(Given data begins)

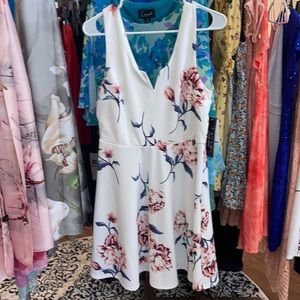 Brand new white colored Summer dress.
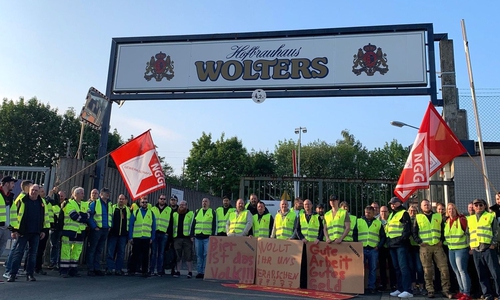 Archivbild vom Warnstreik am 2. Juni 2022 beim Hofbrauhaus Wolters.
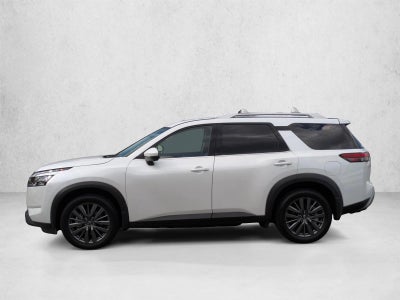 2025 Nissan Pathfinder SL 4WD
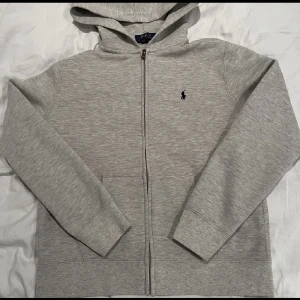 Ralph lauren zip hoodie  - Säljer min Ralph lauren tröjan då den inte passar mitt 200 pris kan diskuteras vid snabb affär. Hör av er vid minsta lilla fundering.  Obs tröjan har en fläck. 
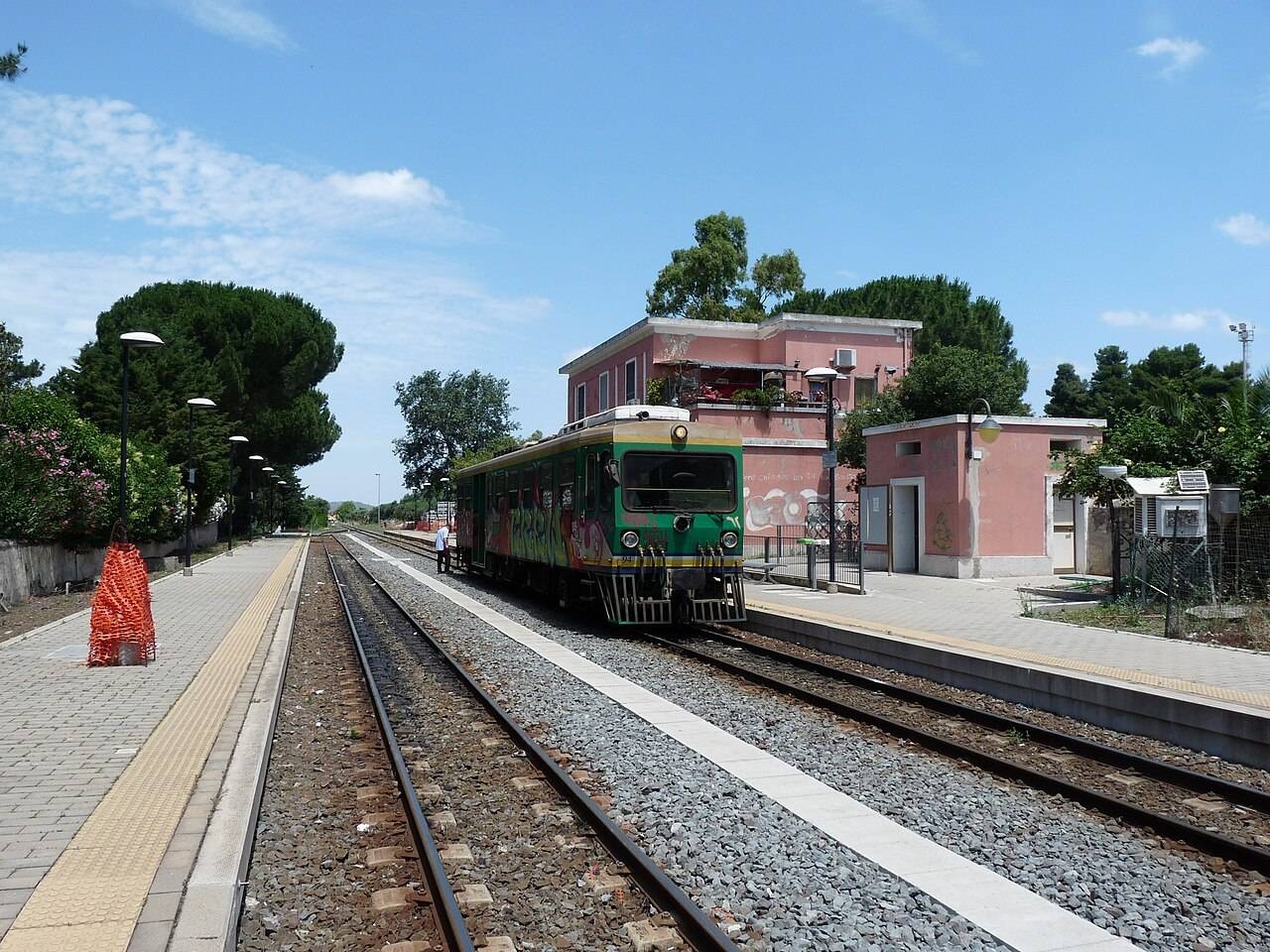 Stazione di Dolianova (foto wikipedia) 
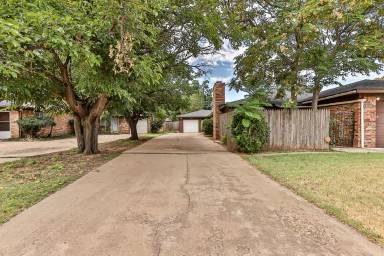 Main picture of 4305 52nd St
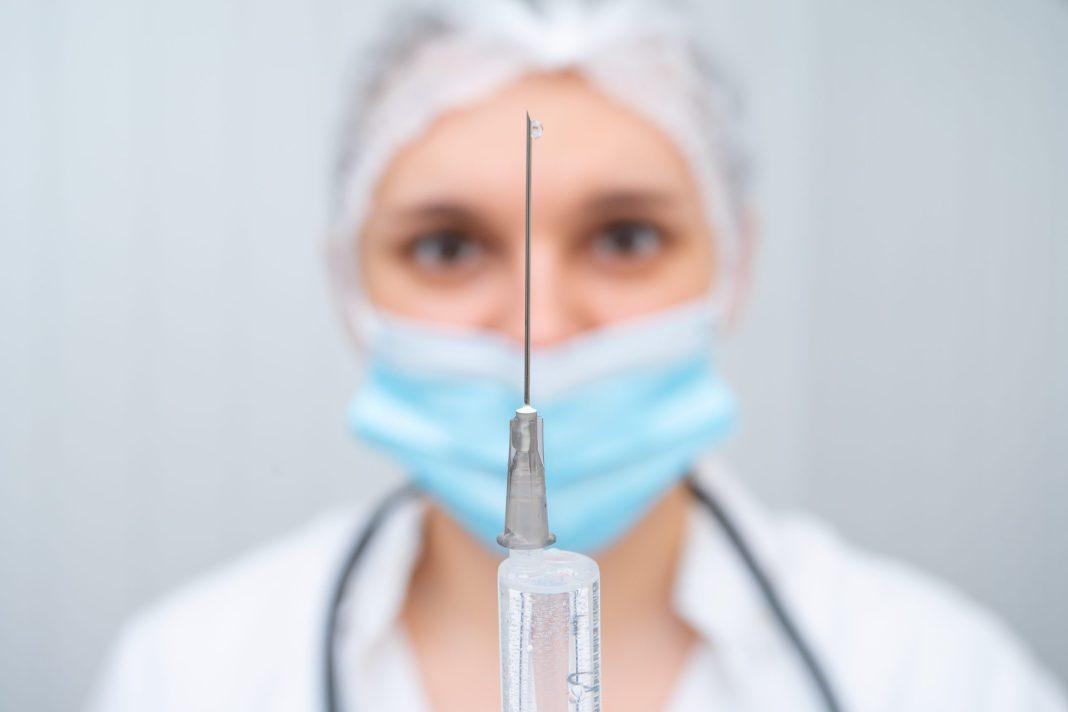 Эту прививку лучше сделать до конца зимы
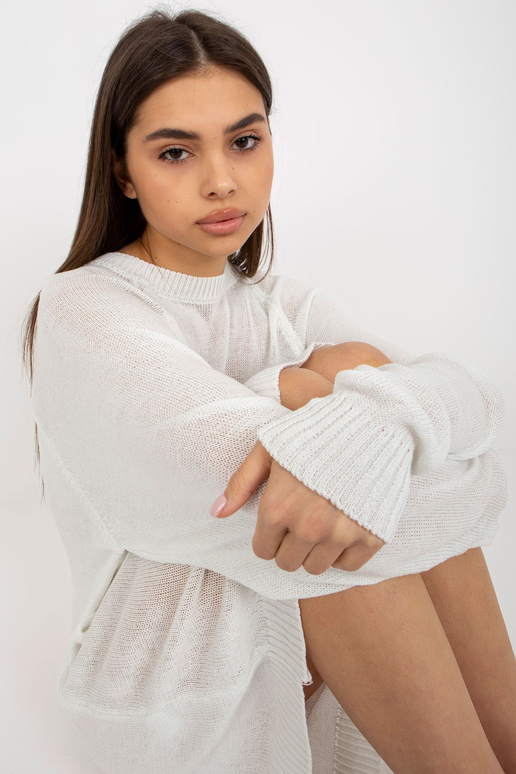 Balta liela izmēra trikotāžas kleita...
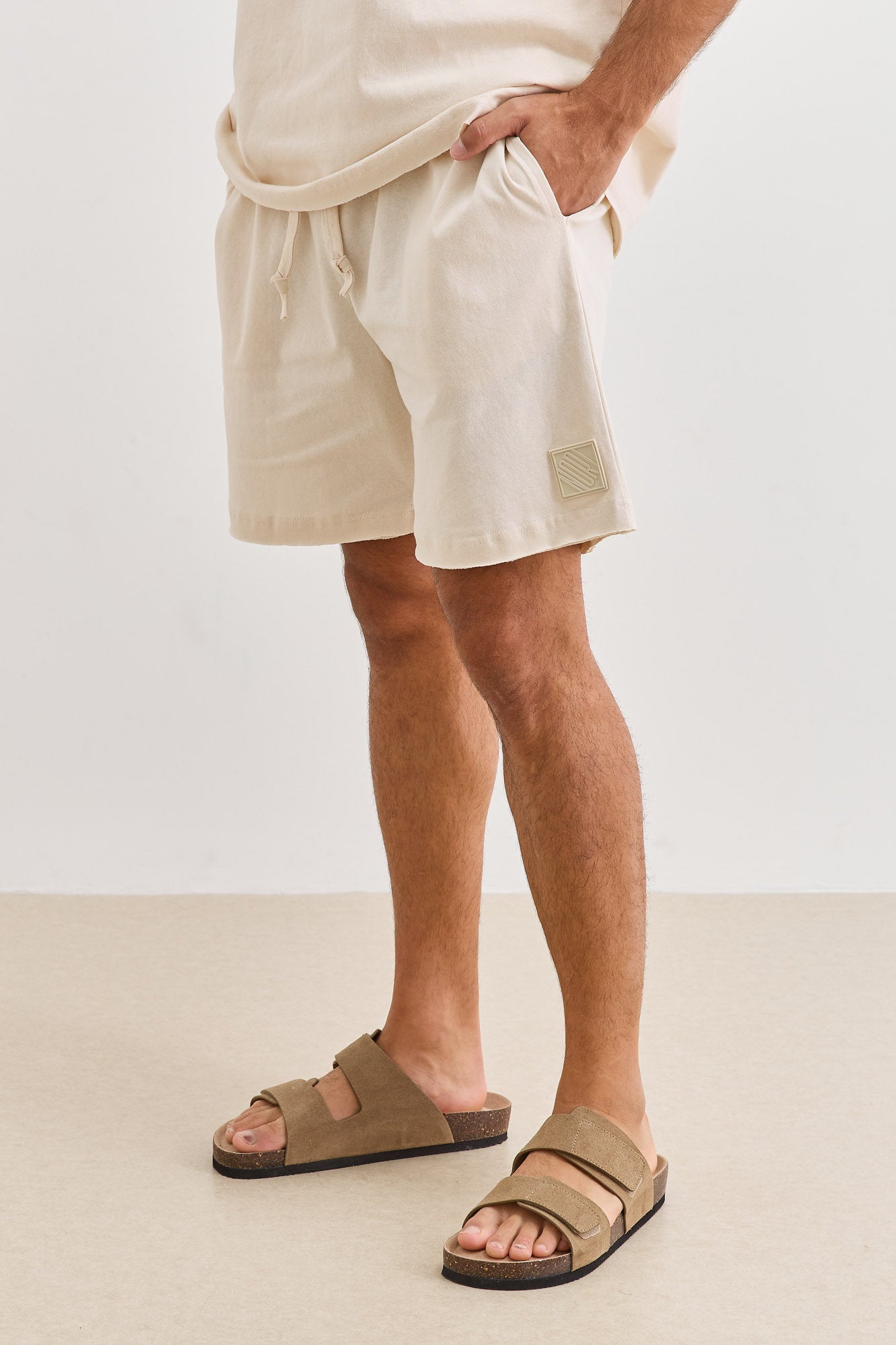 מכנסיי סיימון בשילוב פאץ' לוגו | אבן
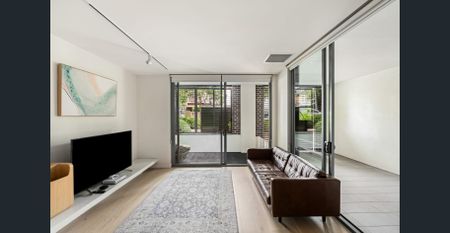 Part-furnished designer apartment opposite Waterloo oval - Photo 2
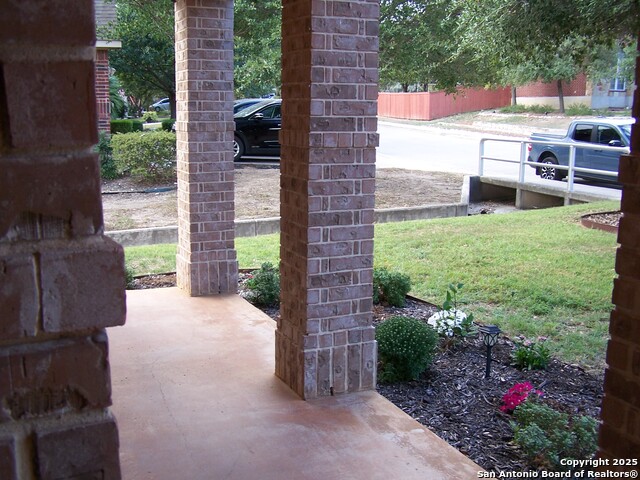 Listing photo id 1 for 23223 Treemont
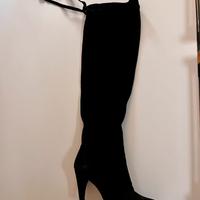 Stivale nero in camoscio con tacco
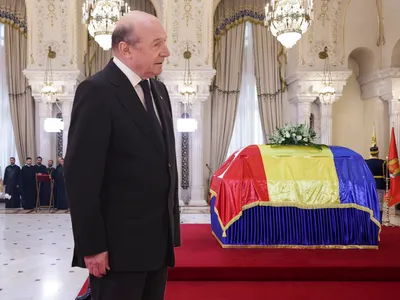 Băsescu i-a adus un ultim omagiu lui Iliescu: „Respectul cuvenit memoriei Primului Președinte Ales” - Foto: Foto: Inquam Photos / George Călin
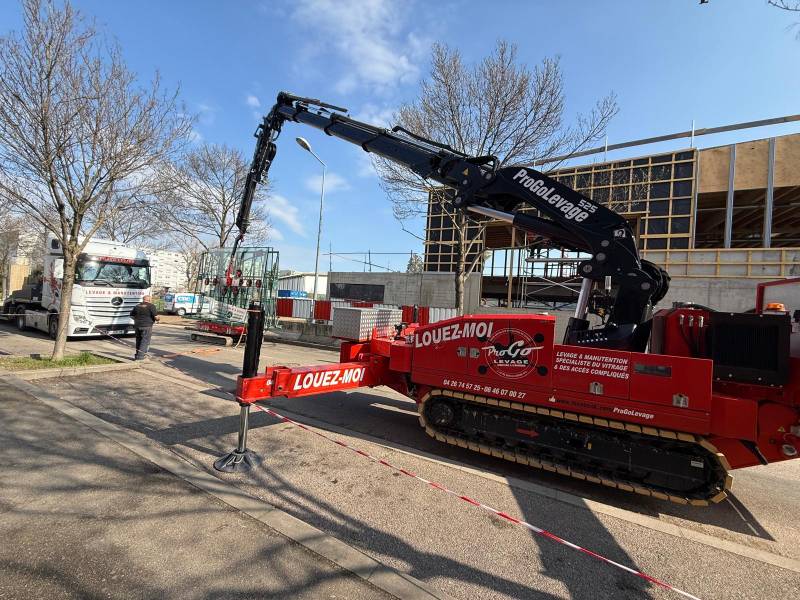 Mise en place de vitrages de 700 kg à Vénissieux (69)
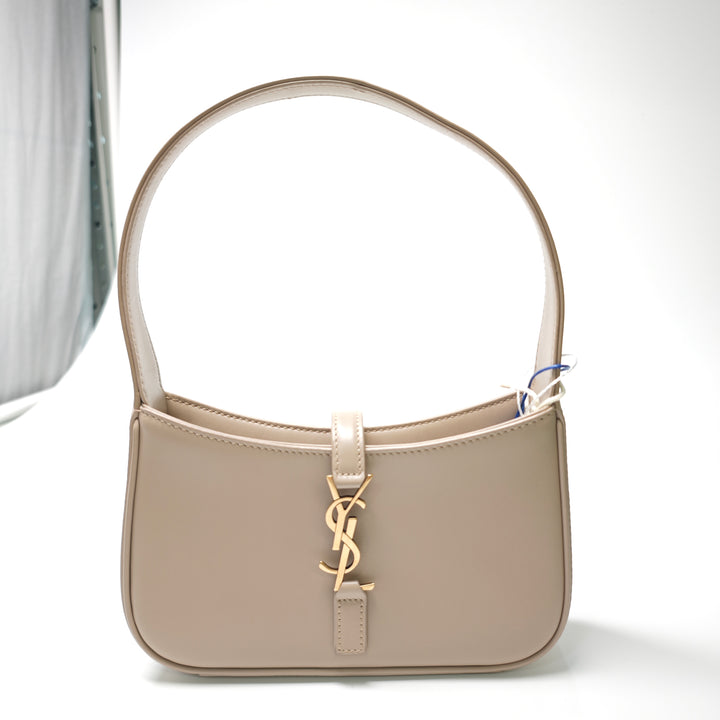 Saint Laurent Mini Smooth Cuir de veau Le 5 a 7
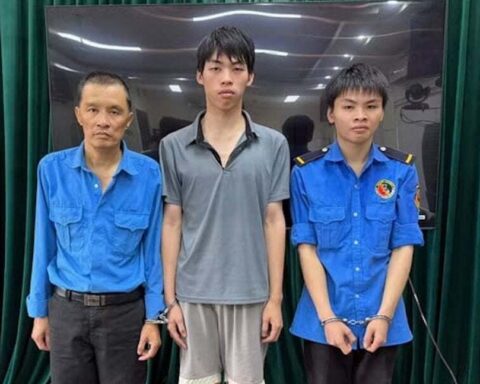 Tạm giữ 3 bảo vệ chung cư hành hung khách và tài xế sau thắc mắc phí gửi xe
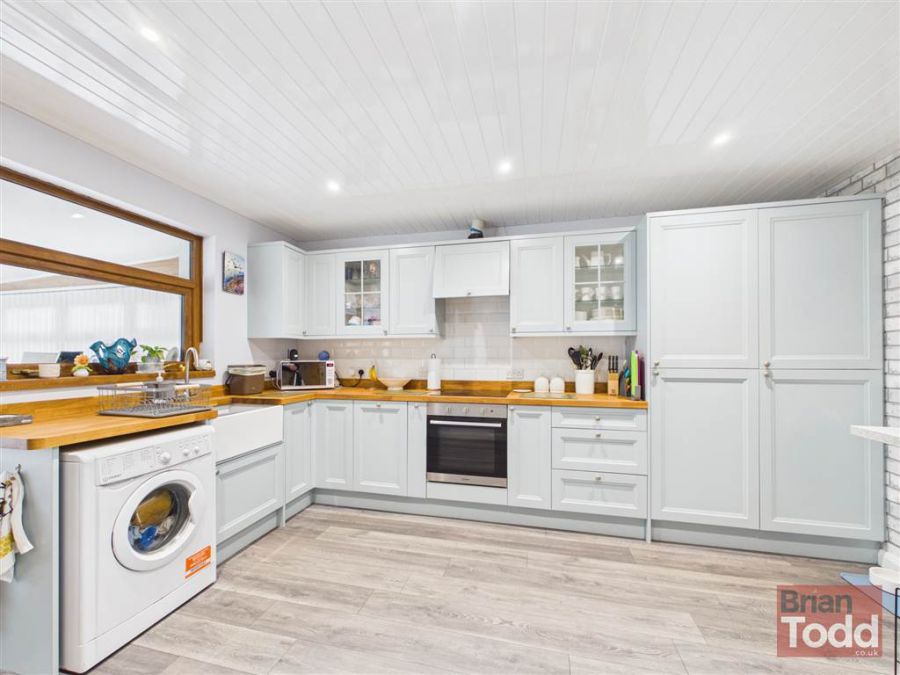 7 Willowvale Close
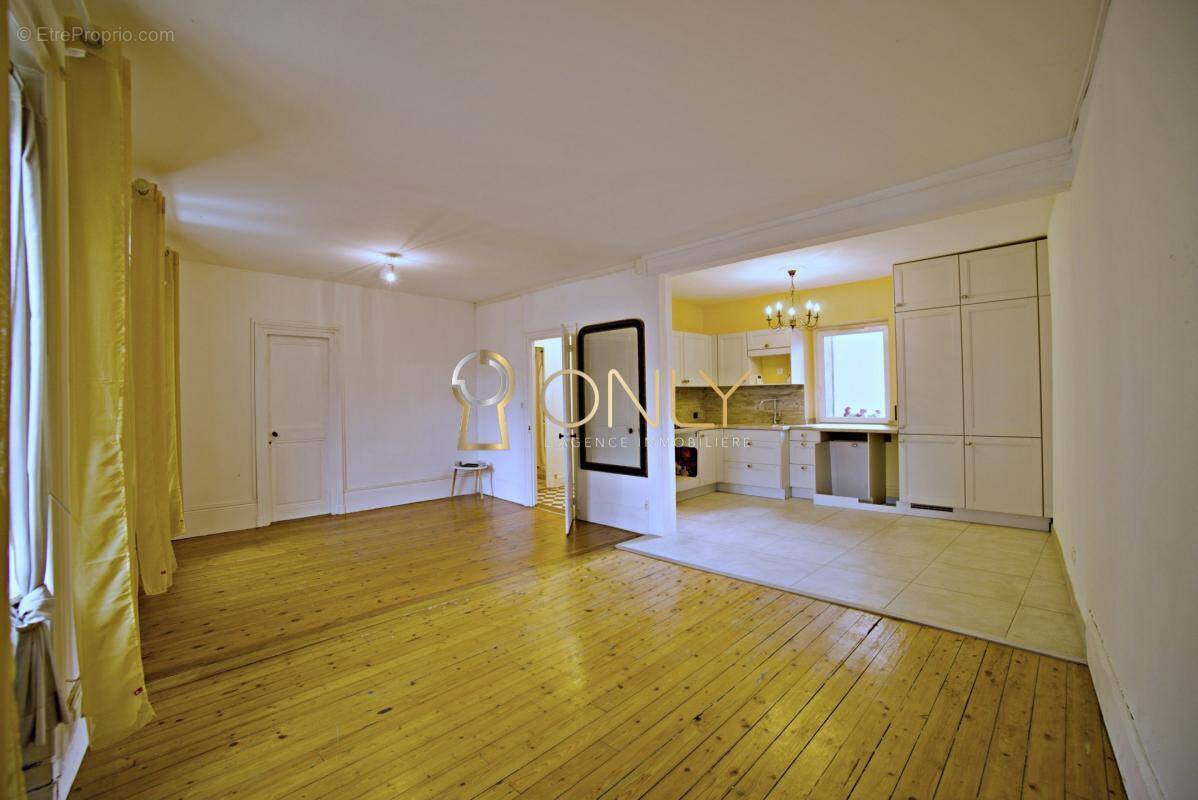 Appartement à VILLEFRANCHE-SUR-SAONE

(Given data ends)

* _What you will do_
Give back the whole listing exactly, without pictures.

* _Expected answer_
 Brand new white colored Summer dress.
 Archivbild vom Warnstreik am 2. Juni 2022 beim Hofbrauhaus Wolters.
 2025 Nissan Pathfinder SL 4WD
 Ralph lauren zip hoodie  - Säljer min Ralph lauren tröjan då den inte passar mitt 200 pris kan diskuteras vid snabb affär. Hör av er vid minsta lilla fundering.  Obs tröjan har en fläck. 
 Stazione di Dolianova (foto wikipedia) 
 Main picture of 4305 52nd St
 Эту прививку лучше сделать до конца зимы
 Balta liela izmēra trikotāžas kleita...
 מכנסיי סיימון בשילוב פאץ' לוגו | אבן
 Part-furnished designer apartment opposite Waterloo oval - Photo 2
 Listing photo id 1 for 23223 Treemont
 Stivale nero in camoscio con tacco
 Băsescu i-a adus un ultim omagiu lui Iliescu: „Respectul cuvenit memoriei Primului Președinte Ales” - Foto: Foto: Inquam Photos / George Călin
 Mise en place de vitrages de 700 kg à Vénissieux (69)
 Saint Laurent Mini Smooth Cuir de veau Le 5 a 7
 Tạm giữ 3 bảo vệ chung cư hành hung khách và tài xế sau thắc mắc phí gửi xe
 7 Willowvale Close
 Appartement à VILLEFRANCHE-SUR-SAONE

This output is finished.